5. The method of claim 4, wherein the unicast discovery procedure further includes:

responsive to receiving a discovery message from a sending node and determining, from the switch port roster, that the sending node is a new node, restarting the unicast discovery procedure to capture the new node in the switch port roster.

6. The method of claim 4, wherein the unicast discovery procedure further includes, responsive to a particular node detecting no further switch-connected nodes:

identifying the particular node as a lowest node; and

sending unicast messages, indicative of the switch port roster, from the lowest node to each other node in the switch port roster.

7. The method of claim 4, further comprising:

identifying a switch-connected node connected to a highest switch port as a starting node; and

periodically performing the unicast discovery process, beginning with the highest node, to refresh and redistribute the switch port roster.

8. The method of claim 7, further comprising:

responsive to a switch-connected node not receiving a discovery message from a higher node during an interval exceeding a threshold duration, identifying the switch-connected node as the highest node.

9. An information handling system, comprising:

a central processing unit (CPU); and

a memory, accessible to the processor, including processor executable instructions that, when executed by the CPU, cause the system to perform management operations comprising: responsive to detecting a new connection between a node and a switch port, performing new connection operations, wherein the new connection operations include: determining a switch port number comprising a port number of the switch port connected to the node; assigning an IP address to the node, wherein the IP address indicates the switch port number; initiating a unicast discovery procedure to discover, via unicast discovery messages, all nodes connected to the switch; and distributing a switch port roster, indicative of all nodes connected to the switch and their respective switch ports to each of the nodes connected to the switch.

10. The information handling system of claim 9, wherein determining the switch port number comprises obtaining link layer discovery protocol (LLDP) information from the switch port.

11. The information handling system of claim 9, wherein the unicast discovery message include unicast discovery messages from each switch-connected node to its nearest neighbor node.

12. The information handling system of claim 11, wherein the unicast discovery procedure includes:

sending, from a first node connected to a first switch port, a discovery message to a lower adjacent switch port;

responsive to detecting a second node connected to the lower adjacent switch port and determining that the second node is not included in the switch port roster: adding the second node to the switch port roster; and sending a second discovery message from the second node to a next lower adjacent switch port; and

responsive to detecting no node connected to the lower adjacent switch port, sending a discovery message from the first node to the next lower adjacent switch port.

13. The information handling system of claim 12, wherein the unicast discovery procedure further includes:

responsive to receiving a discovery message from a sending node and determining, from the switch port roster, that the sending node is a new node, restarting the unicast discovery procedure to capture the new node in the switch port roster.
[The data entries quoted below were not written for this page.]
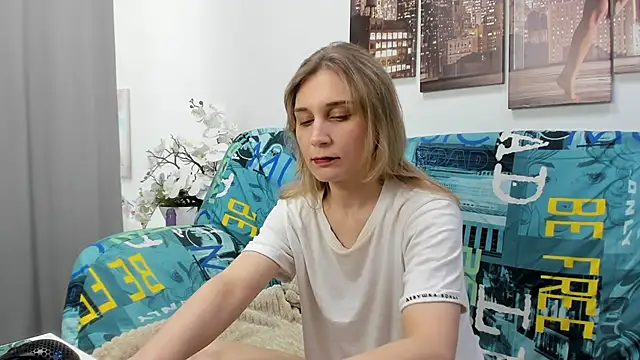 Tenderly Sophie online show from May 31, 2026, 1:11 am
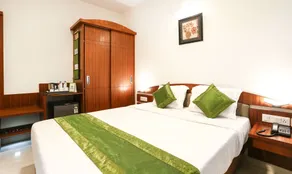 Treebo Premium Akshaya Mahal Inn - Room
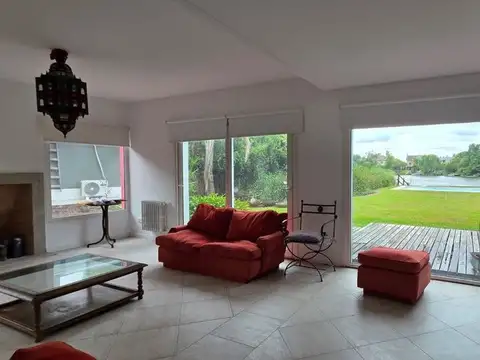 Casa 5 ambientes con 3 baños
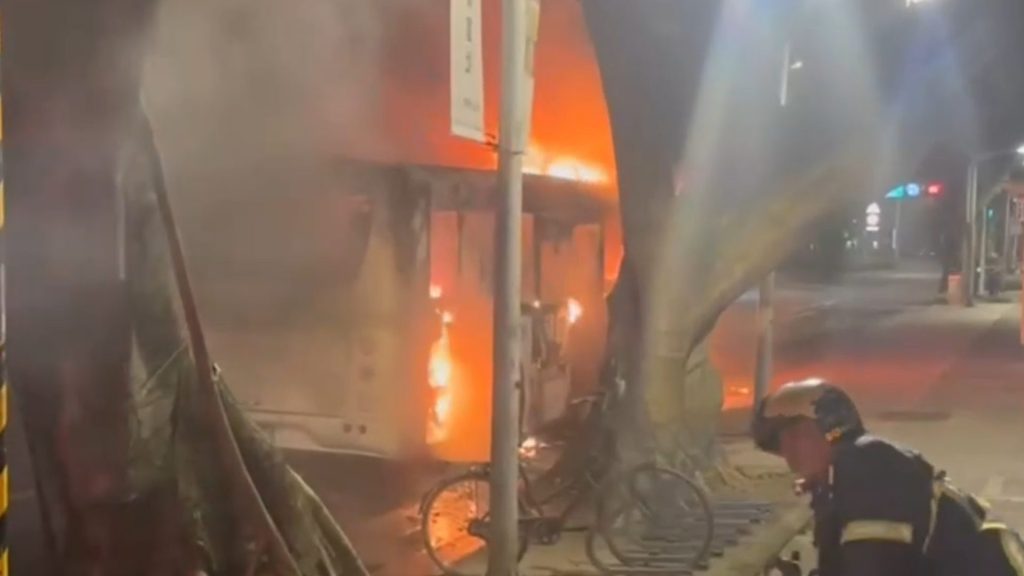 影音/北市262路電動公車突冒濃煙　乘客疏散完整車燒成火球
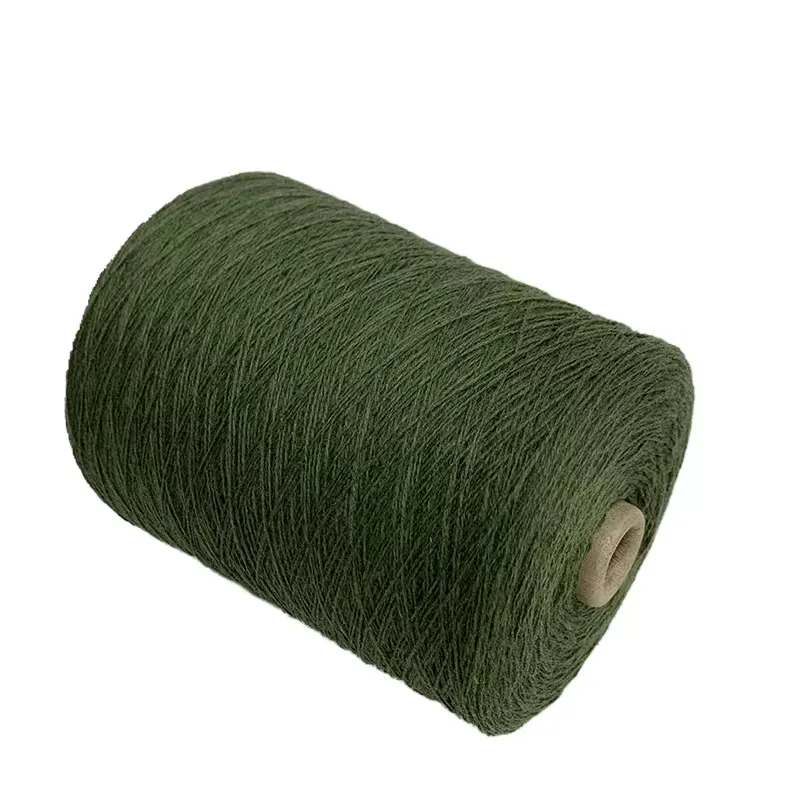 アーミーグリーン色100% アクリル編みバルクヤーンソフトかさばるアクリルヤーン衣服用
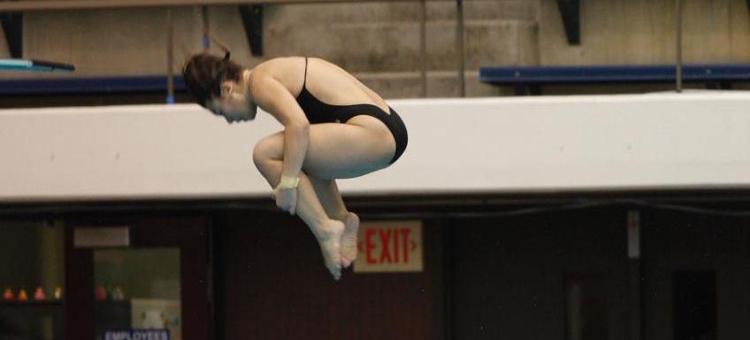 Swimming And Diving Opens With Strong Start At Cincinnati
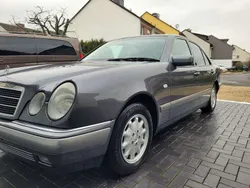 Grau Gebraucht 1998 Mercedes E240 Elegance Limousine | 2.400 € (Fairer Preis)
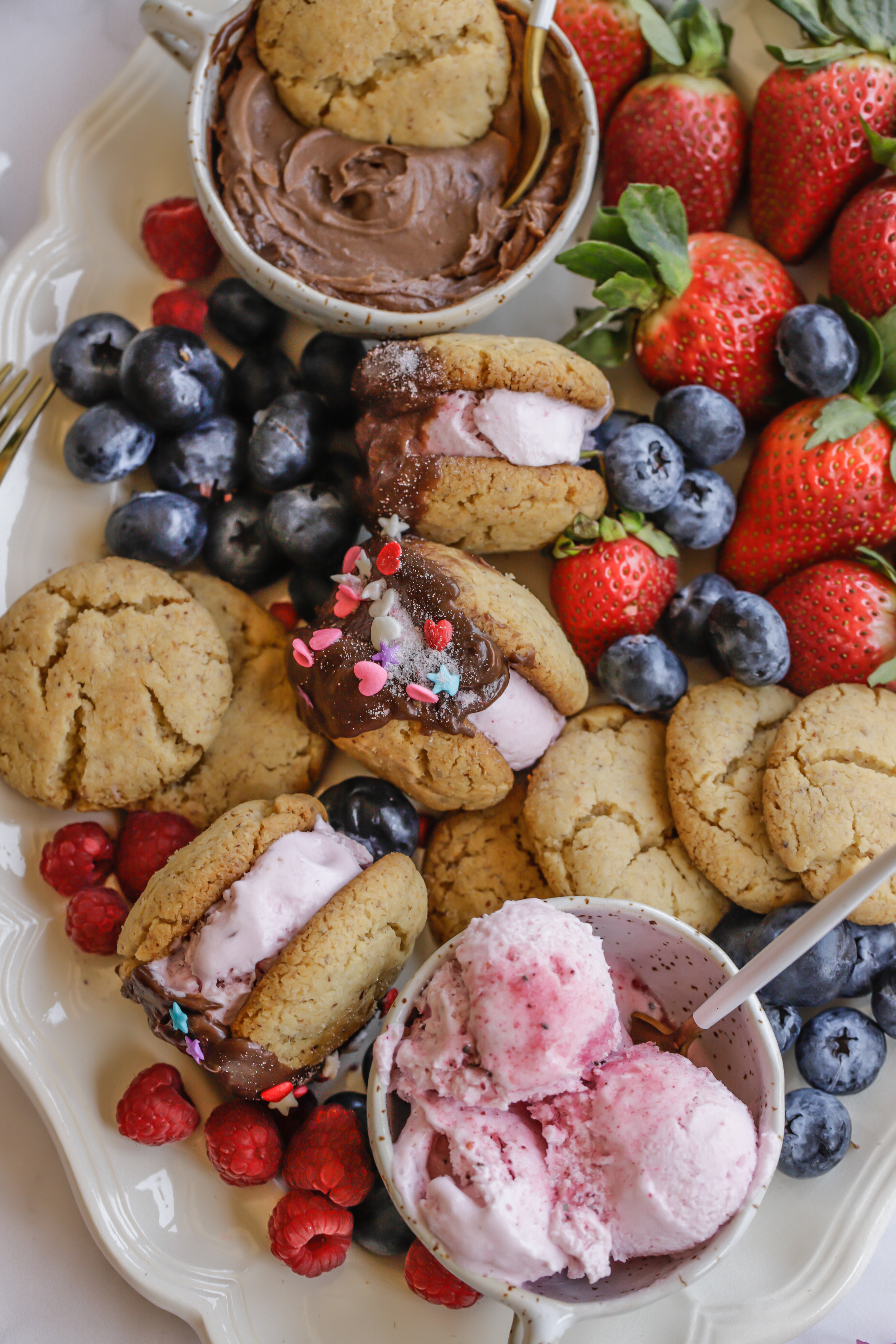 Italian kisses ice cream sandwiches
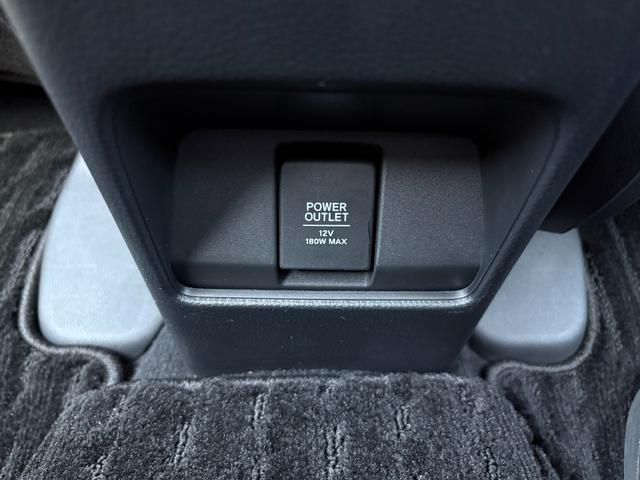 ＷＲ－Ｖ Ｚブラックスタイル　デモカー　Ｒカメラ　ＬＥＤヘッドランプ　盗難防止　衝突被害軽減　　ＵＳＢ　Ｂｌｕｅｔｏｏｔｈ　ＨＤＭＩ　ＡｐｐｌｅＣａｒＰｌａｙ　ＡｎｄｒｏｉｄＡｕｔｏ　ＥＴＣ　フロントフォグ　レーンキープアアシスト（24枚目）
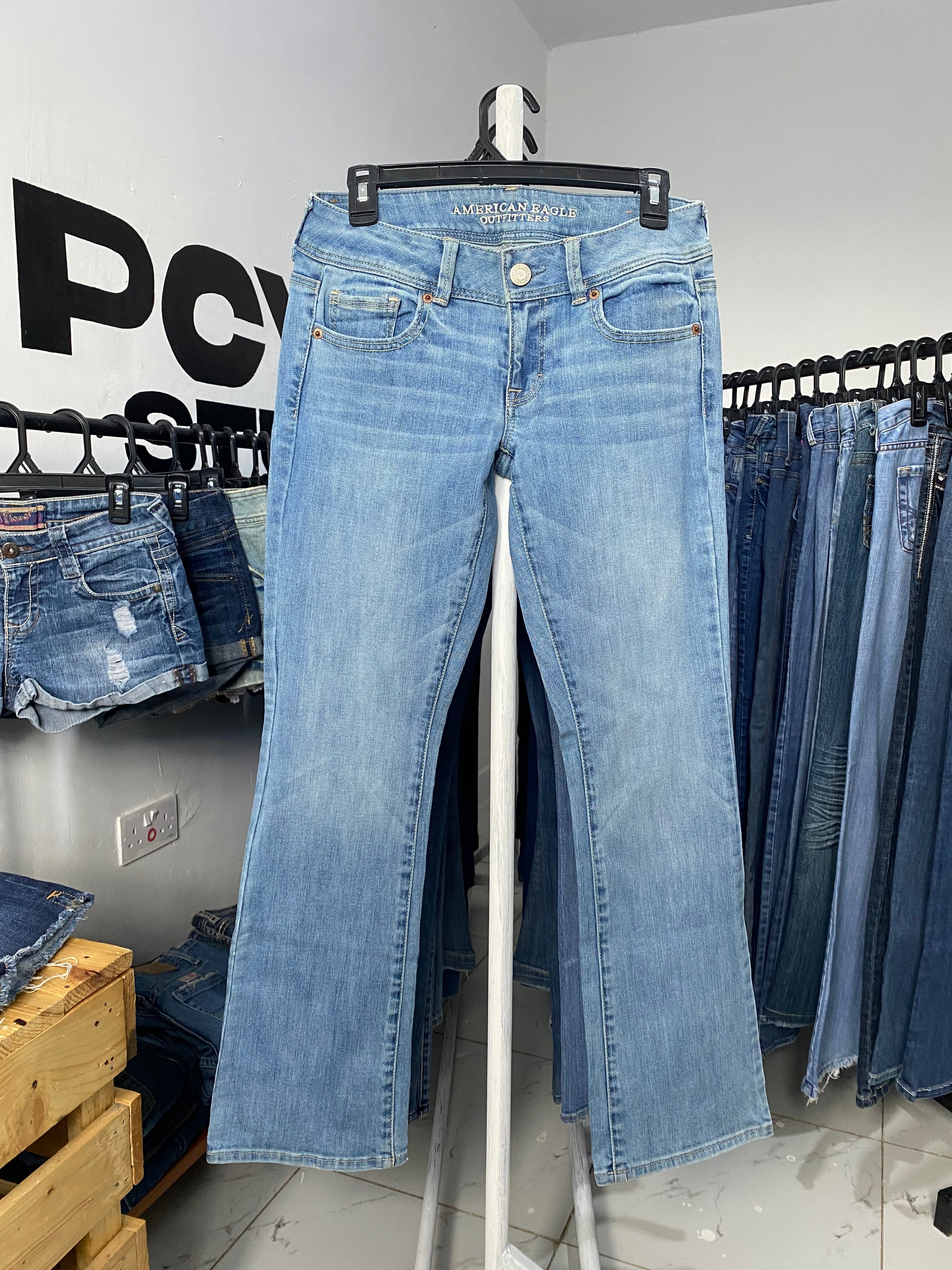 AMERICAN EAGLE W28 H36 L38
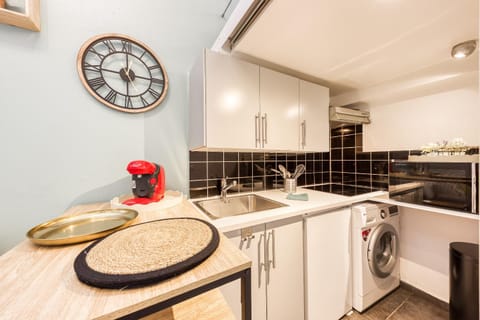 Kitchen or kitchenette, stove, washing machine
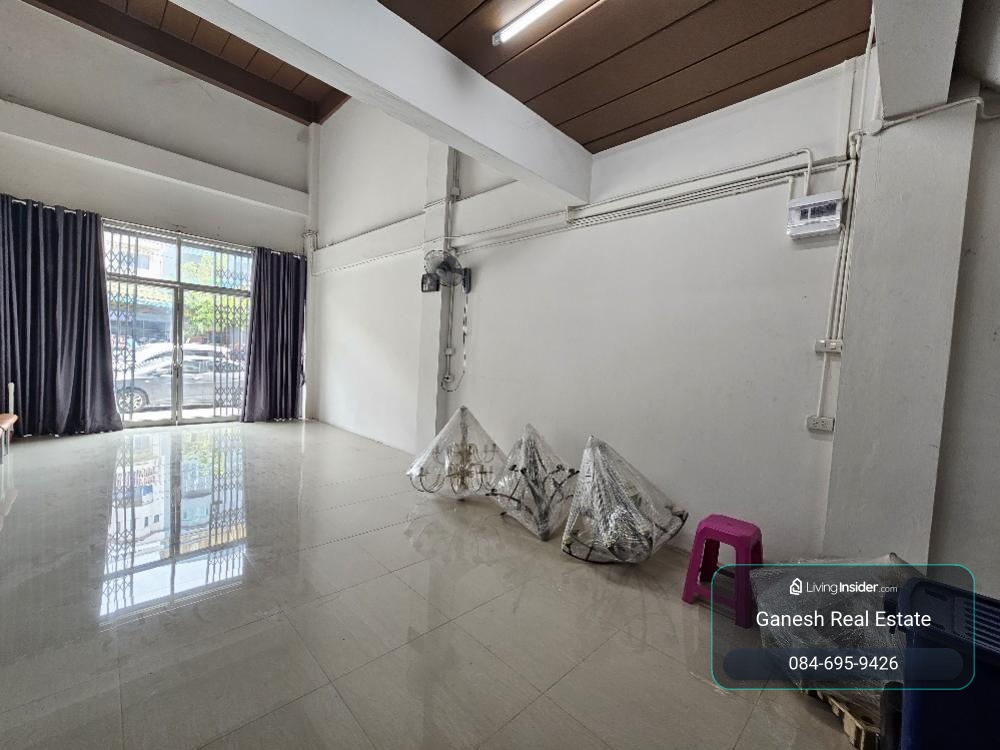 For Sale : ขายด่วน  ขายถูก พร้อมเข้าอยู่ @บางปู 54อาคารพาณิชย์ 3.9 ชั้น หลังมุม ขายเพียง 4.5 ล้านบาท  สภาพเยี่ยมมาก     🎉สายมู ต้องรู้ บ้านเลขที่ 128/4 เลขสวย เหมาะทำธุรกิจดีมาก พิกัดบางปู 54  ใกล้สถานีรถไฟฟ้าเคหะ เพียง 2 กิโลเมตร – รูปที่ 4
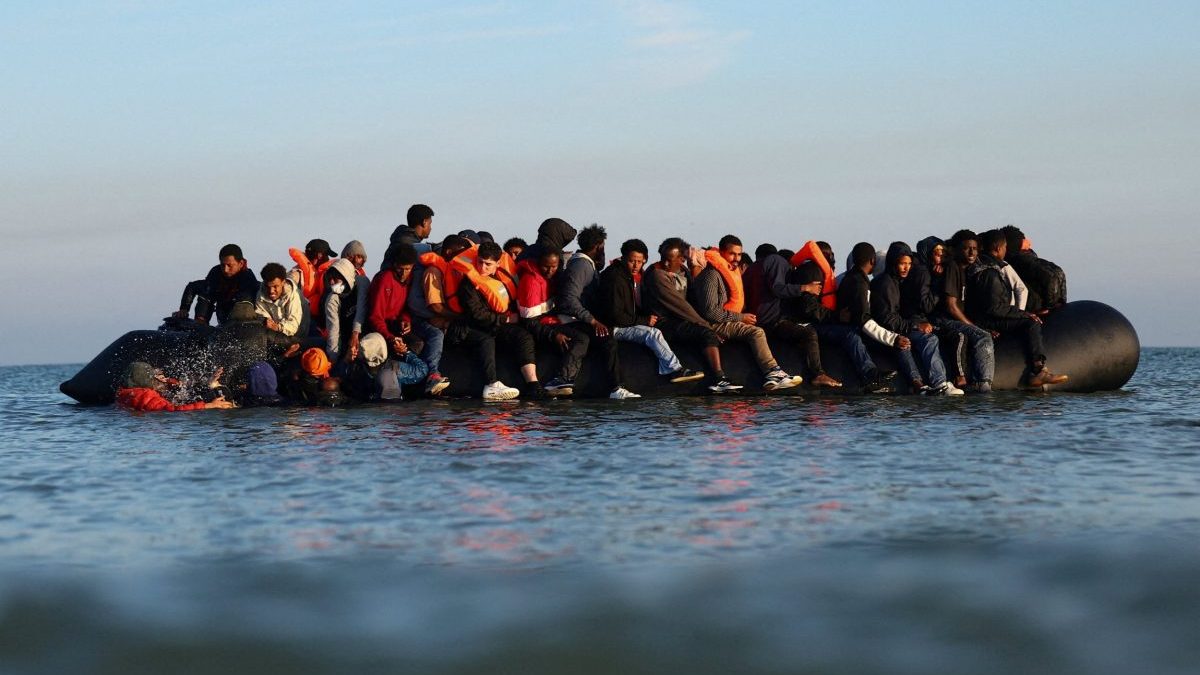 UK to strike small boats deal with China to disrupt Channel crossings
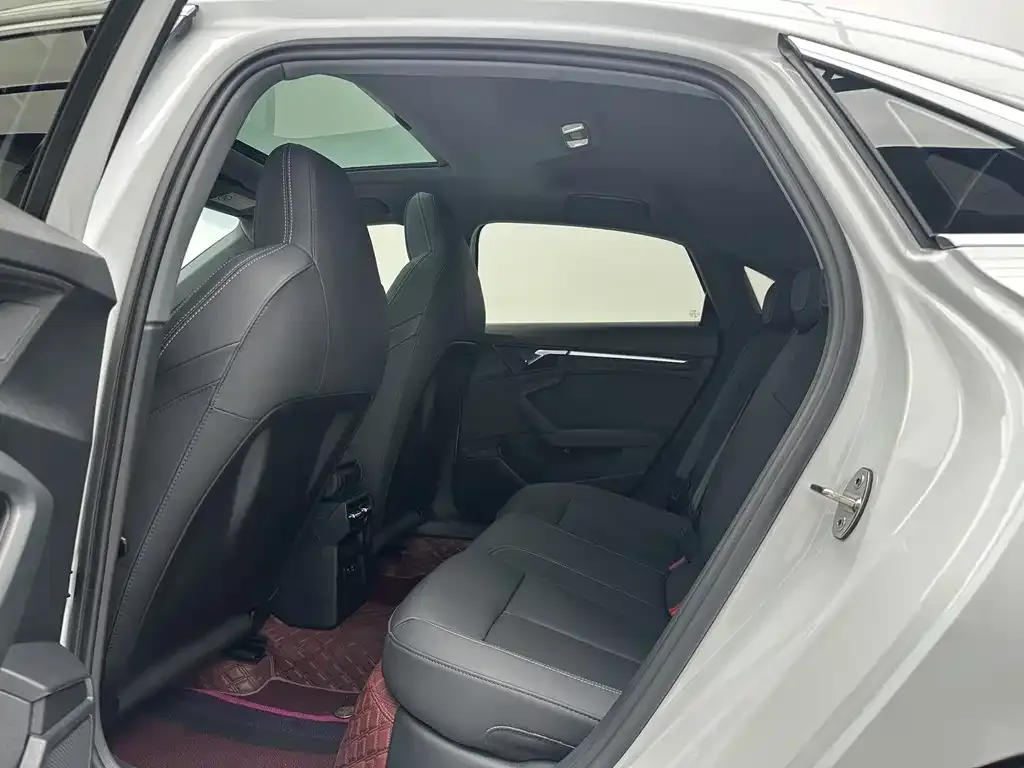 Audi A3 2022 из CN, фото 10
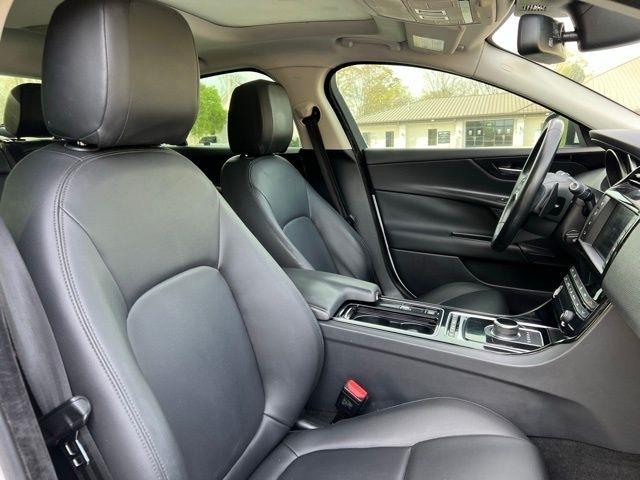 Jaguar XE 25t RWD 2018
14. The information handling system of claim 12, wherein the unicast discovery procedure further includes, responsive to a particular node detecting no further switch-connected nodes:

identifying the particular node as a lowest node; and

sending unicast messages, indicative of the switch port roster, from the lowest node to each other node in the switch port roster.

15. The information handling system of claim 12, further comprising:

identifying a switch-connected node connected to a highest switch port as a starting node; and

periodically performing the unicast discovery process, beginning with the highest node, to refresh and redistribute the switch port roster.

16. The information handling system of claim 15, further comprising:

responsive to a switch-connected node not receiving a discovery message from a higher node during an interval exceeding a threshold duration, identifying the switch-connected node as the highest node.